Prospect Park Zoo in Brief:
Getting to the Prospect Park Zoo:
450 Flatbush Avenue in Brooklyn
- Closest Subways: B, Q or Franklin Avenue Shuttle to Prospect Park Station
Prospect Park Zoo Contacts:
- Phone: 718-399-7339
- Website: http://www.prospectparkzoo.com
Prospect Park Zoo Admission:
- $8 for Adults
- $5 for Children 3-12
- $6 for Seniors (65+)
- Free for Children under 3
- Free for Members
Prospect Park Zoo Hours:
- Winter Hours: (November - late March) 10 a.m. - 4:30 p.m.
- Summer Hours: (late March - late October) 10 a.m. - 5 p.m., 5:30 p.m. on weekends and holidays
- The zoo is open every day, year round
- Last admission sold 30 minutes before closing
Things to Do at the Prospect Park Zoo:
Prospect Park Zoo Tips:
- The Prospect Park Zoo's main entrance on Flatbush Avenue requires descending many steps -- not ideal for stroller or wheelchair users. The Children's Corner entrance is a better bet, located at the south end of the park near the Carousel and Lefferts Historic House.
- Plan for about 2 hours to visit Prospect Park Zoo.
- Start with a visit to the Discovery Trail which covers most of the outdoor exhibits, as well as many interactive opportunities.
- The Refreshments Building offers snacks and drinks from vending machines or you can bring a picnic lunch.

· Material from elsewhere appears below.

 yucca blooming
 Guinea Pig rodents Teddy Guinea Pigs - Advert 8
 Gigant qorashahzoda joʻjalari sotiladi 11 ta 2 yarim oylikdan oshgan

About the Prospect Park Zoo:
Prospect Park has a long history of displaying animals, dating back to the late 1800s when there was a small menagerie in Prospect Park. While a few of the structures from the former zoo were preserved in the building of the current Prospect Park Zoo, the renovation focused on creating humane, naturalistic habitats for the animals, with exhibits that would be educational and interactive for children.

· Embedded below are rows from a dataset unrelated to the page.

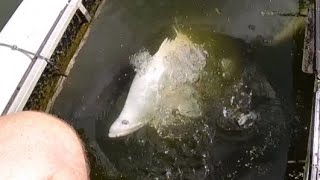 Feeding Rare White Barramundi Jungle Perch and Big Mangrove Jack [upl. by Cesare42]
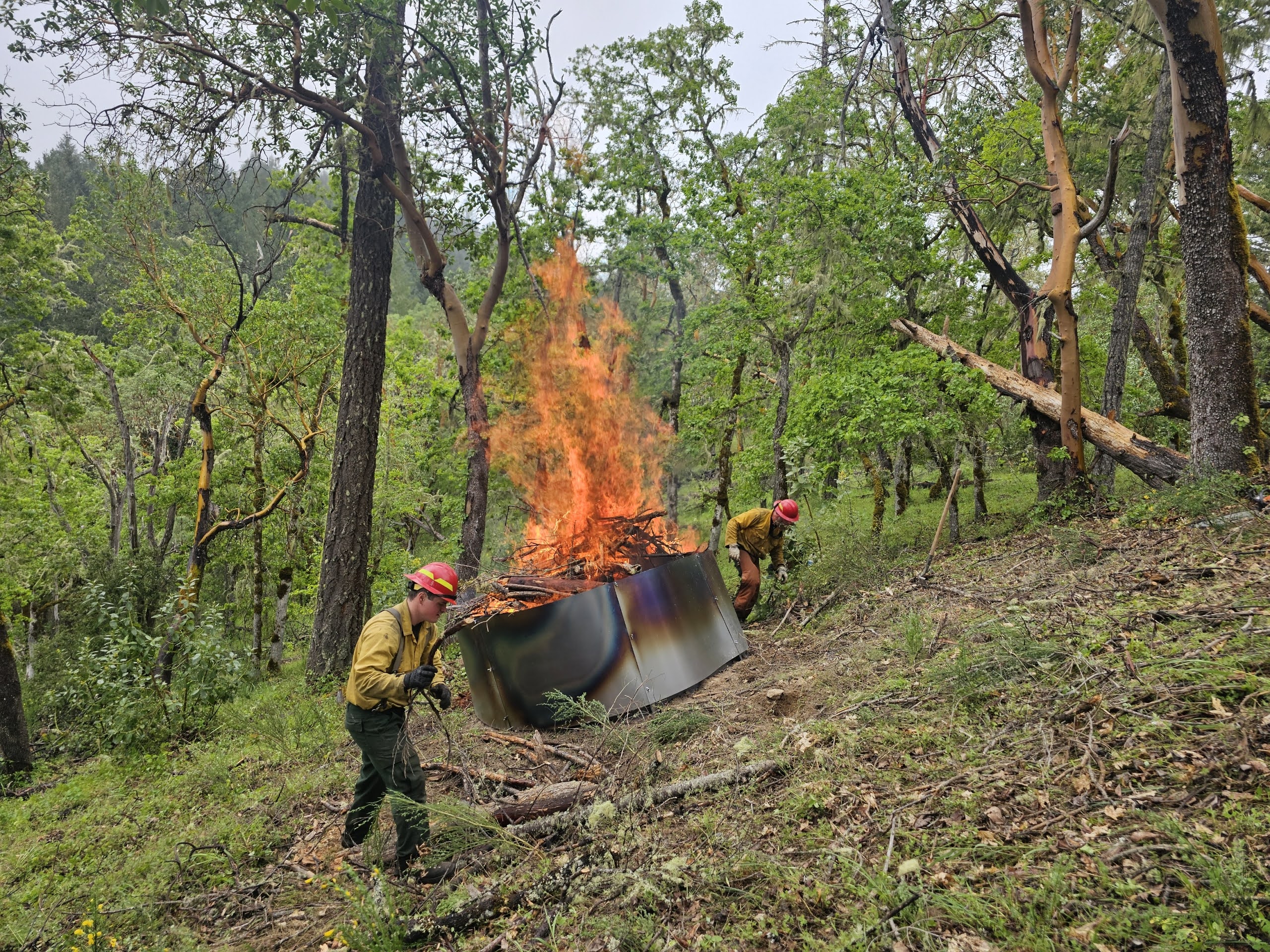 Trail crews clearing slash with ring of fire hillside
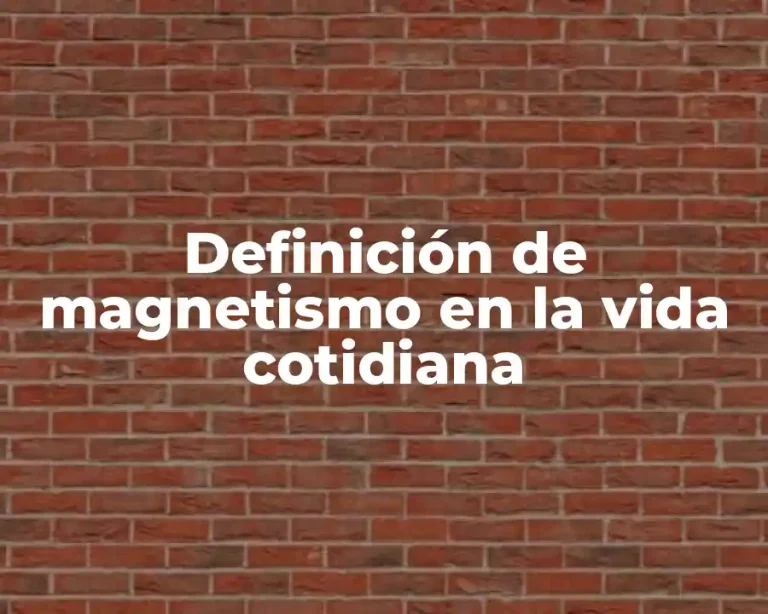Definición de magnetismo en la vida cotidiana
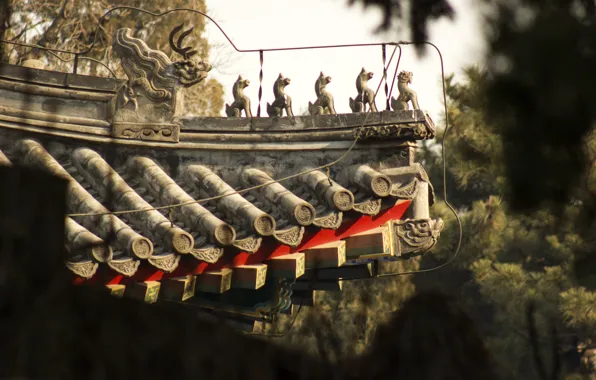 Roof, red, background, tree, Wallpaper, dragon, China, construction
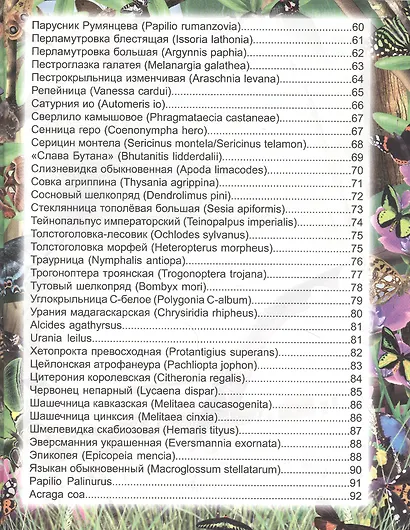 Бабочки. Энциклопедия - фото 4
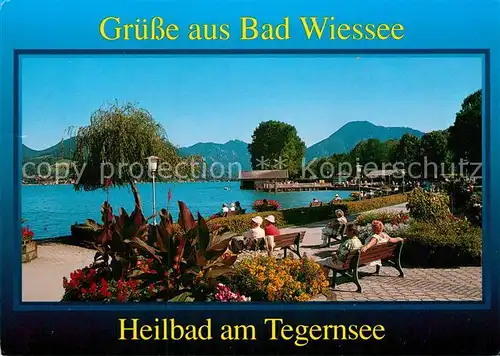 AK / Ansichtskarte Bad Wiessee Kuranlagen Kat. Bad Wiessee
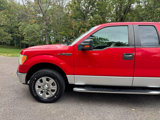 Used 2010 Ford F150 FX4 image 3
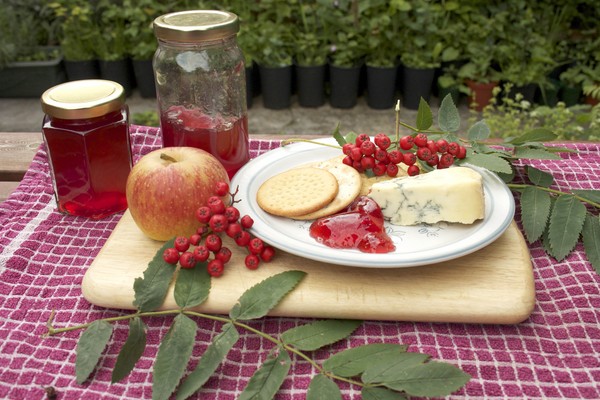 Rowan för vintern: recept för rätter från den vanliga röda och svarta chokeberry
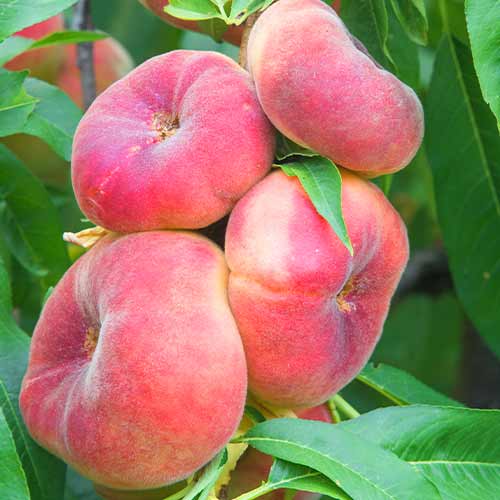 Broskvoň (columnar) Saturn artikel fotografie 1 Broskvoň (columnar) Saturn obrázek 1 artikel 2020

Today, the Prospect Park Zoo is home to over 125 wildlife species, with more than 400 animals. The collection features animals from around the world -- with fantastic opportunities to observe animals up-close and experience animal habits and habitats. Children will particularly love the Discovery Trail where they can hop on lily pads, climb up prairie dog tunnels and even wear turtle shells.